La recette du bonheur
Suis-je heureux? Et si je ne le suis pas, comment le devenir?
Ces questions, vous vous les êtes sûrement déjà posées un jour, peut-être même que ce sont-elles qui vous ont amené à philosopher.
La quête de la vie heureuse guide bon nombre d’Hommes, mais combien parviennent à l’obtenir? Est-ce seulement possible? Se pourrait-il qu’une mauvaise définition de ce qu’est une vie heureuse condamne à une recherche infinie, qui rate sa cible indéniablement?
Passer sa vie à courir après un mirage, personne ne le souhaite. Epicure, dans sa Lettre à Ménécée, donne des pistes et des éléments de réponses sur ce qui permet, selon lui, de mener une vie heureuse et d’éviter de se fourvoyer dans des philosophies de vie vouées à la peine.
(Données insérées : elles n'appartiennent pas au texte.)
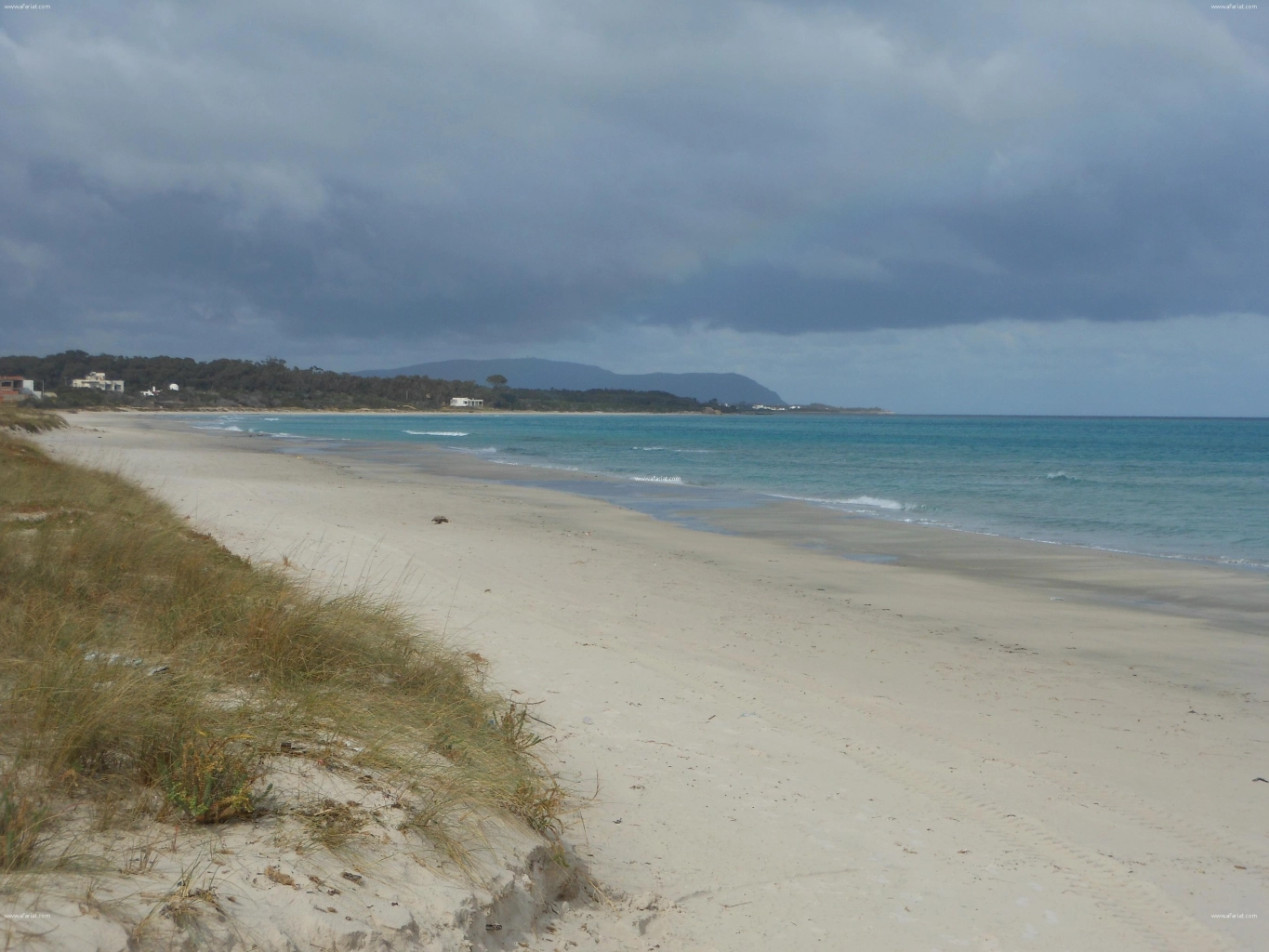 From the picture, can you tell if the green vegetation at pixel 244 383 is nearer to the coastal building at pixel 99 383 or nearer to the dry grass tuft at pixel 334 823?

Les saveurs simples apportent un plaisir égal à un régime d’abondance
La simplicité est l’un des maîtres mots. L’importance accordée à ce terme n’est pas surprenante quand on connait l’aversion des grecs pour l’ubrys, ce péché mortel qui consiste à vivre dans une arrogance folle dénuée de limite et qui finit toujours par engendrer le pire.
La tempérance, la modération et la sobriété constituent, par opposition, des clés de la vie heureuse.
« Les saveurs simples apportent un plaisir égal à un régime d’abondance. »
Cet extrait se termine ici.